- Born: 26 May 1971 (age 55) Australia
- Occupation: Actress
- Years active: 1986–present
- Spouse: Néstor Carbonell ​(m. 2001)​
- Children: 2

= Shannon Kenny =

Australian actress (born 1968)

Shannon Kenny (born 26 May 1971) is an Australian actress.
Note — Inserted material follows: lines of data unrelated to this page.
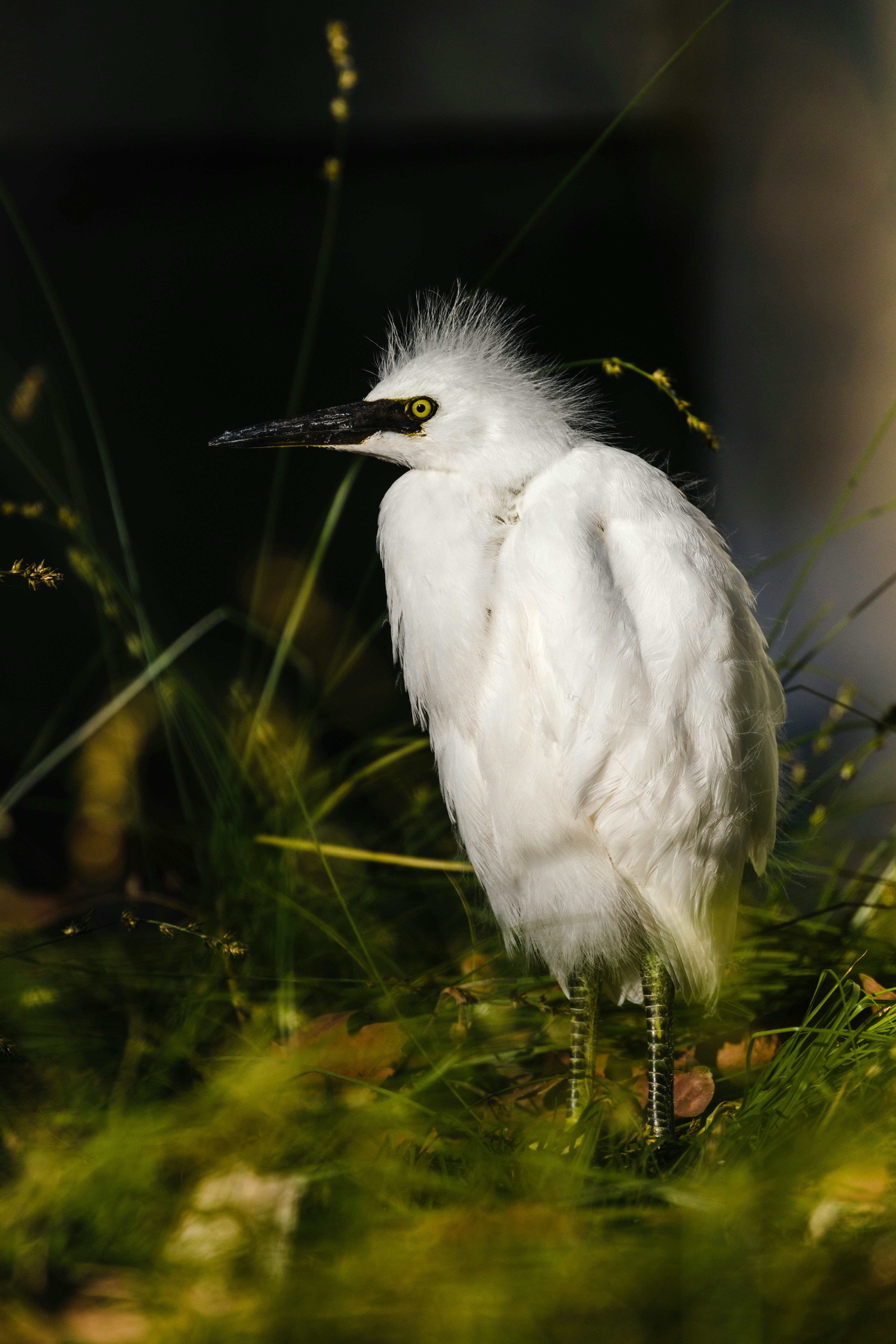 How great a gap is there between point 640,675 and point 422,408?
0.23 metres

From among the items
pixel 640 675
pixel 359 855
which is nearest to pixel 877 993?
pixel 640 675

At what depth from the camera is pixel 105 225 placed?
1.13 metres

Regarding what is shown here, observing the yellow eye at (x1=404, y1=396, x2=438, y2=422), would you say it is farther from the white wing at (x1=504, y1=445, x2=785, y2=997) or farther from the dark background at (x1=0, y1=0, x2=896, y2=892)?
the dark background at (x1=0, y1=0, x2=896, y2=892)

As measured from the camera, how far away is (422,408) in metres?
0.56

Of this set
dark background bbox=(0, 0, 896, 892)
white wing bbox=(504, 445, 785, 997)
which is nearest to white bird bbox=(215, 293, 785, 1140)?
white wing bbox=(504, 445, 785, 997)

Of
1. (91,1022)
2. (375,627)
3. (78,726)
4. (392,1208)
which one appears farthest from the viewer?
(78,726)

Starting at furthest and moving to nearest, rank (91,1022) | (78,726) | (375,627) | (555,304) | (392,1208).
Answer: (555,304)
(78,726)
(375,627)
(91,1022)
(392,1208)

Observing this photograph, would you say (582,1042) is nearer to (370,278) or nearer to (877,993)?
(877,993)

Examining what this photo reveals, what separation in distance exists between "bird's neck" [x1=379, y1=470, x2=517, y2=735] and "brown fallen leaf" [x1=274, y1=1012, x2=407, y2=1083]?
0.22 meters

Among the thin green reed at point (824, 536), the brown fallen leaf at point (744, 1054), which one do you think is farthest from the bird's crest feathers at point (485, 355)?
the brown fallen leaf at point (744, 1054)

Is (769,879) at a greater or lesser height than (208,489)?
lesser

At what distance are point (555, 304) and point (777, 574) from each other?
51 centimetres

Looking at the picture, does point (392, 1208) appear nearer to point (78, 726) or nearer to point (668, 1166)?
point (668, 1166)

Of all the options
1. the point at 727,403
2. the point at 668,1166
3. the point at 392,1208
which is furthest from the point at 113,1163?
the point at 727,403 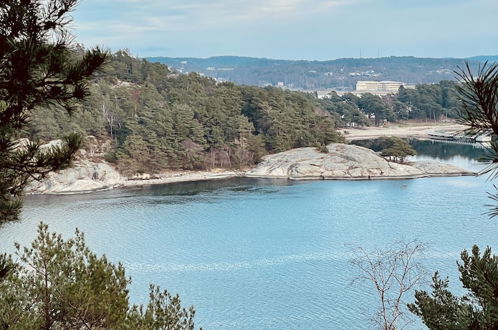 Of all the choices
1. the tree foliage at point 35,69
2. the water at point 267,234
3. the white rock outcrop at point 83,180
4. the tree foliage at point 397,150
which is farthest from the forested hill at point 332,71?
the tree foliage at point 35,69

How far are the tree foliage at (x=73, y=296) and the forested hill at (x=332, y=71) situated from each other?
79016mm

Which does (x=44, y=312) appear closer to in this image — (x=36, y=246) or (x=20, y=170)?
(x=36, y=246)

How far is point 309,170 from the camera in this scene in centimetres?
2112

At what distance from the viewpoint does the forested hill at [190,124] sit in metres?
21.0

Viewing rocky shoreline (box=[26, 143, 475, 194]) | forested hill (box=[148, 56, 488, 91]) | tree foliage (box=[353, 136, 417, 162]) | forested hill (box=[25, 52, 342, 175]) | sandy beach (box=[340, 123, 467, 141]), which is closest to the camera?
rocky shoreline (box=[26, 143, 475, 194])

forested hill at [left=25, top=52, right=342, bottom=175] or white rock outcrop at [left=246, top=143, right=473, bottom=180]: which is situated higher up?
forested hill at [left=25, top=52, right=342, bottom=175]

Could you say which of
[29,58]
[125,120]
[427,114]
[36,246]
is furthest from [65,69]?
[427,114]

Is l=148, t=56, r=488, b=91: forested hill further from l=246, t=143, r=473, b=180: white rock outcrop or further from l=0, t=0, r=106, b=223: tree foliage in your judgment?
l=0, t=0, r=106, b=223: tree foliage

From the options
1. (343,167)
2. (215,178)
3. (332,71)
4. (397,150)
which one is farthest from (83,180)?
(332,71)

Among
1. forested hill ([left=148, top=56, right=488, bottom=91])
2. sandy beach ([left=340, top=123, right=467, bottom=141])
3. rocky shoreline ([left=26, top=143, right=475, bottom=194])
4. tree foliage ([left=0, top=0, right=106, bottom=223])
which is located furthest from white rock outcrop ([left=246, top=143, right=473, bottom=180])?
forested hill ([left=148, top=56, right=488, bottom=91])

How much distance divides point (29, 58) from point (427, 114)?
39.0 metres

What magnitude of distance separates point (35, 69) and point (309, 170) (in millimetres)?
19311

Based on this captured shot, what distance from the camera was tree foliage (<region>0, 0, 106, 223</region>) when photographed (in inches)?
80.1

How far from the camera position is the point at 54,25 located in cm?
214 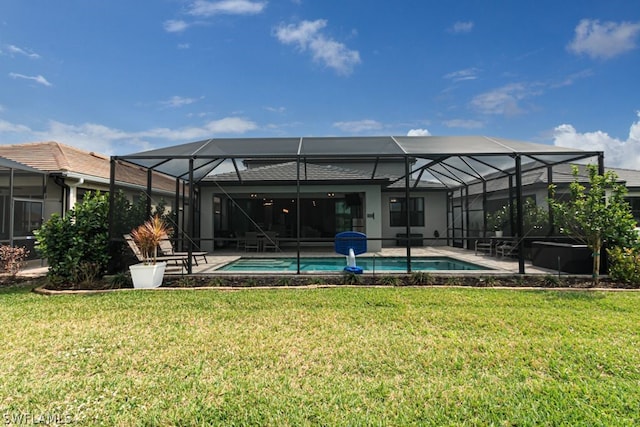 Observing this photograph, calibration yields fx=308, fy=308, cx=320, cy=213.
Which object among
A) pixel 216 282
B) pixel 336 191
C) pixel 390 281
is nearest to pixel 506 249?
pixel 390 281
She is best known for playing Debbie Halliday in the 1980s Australian soap opera Sons and Daughters, and has also appeared in Bodily Harm in 1995, Dream On in 1995, Seinfeld (1997), Purgatory, Batman Beyond (1999–2000), The Invisible Man (2000–2002), and 7th Heaven (2002–2005).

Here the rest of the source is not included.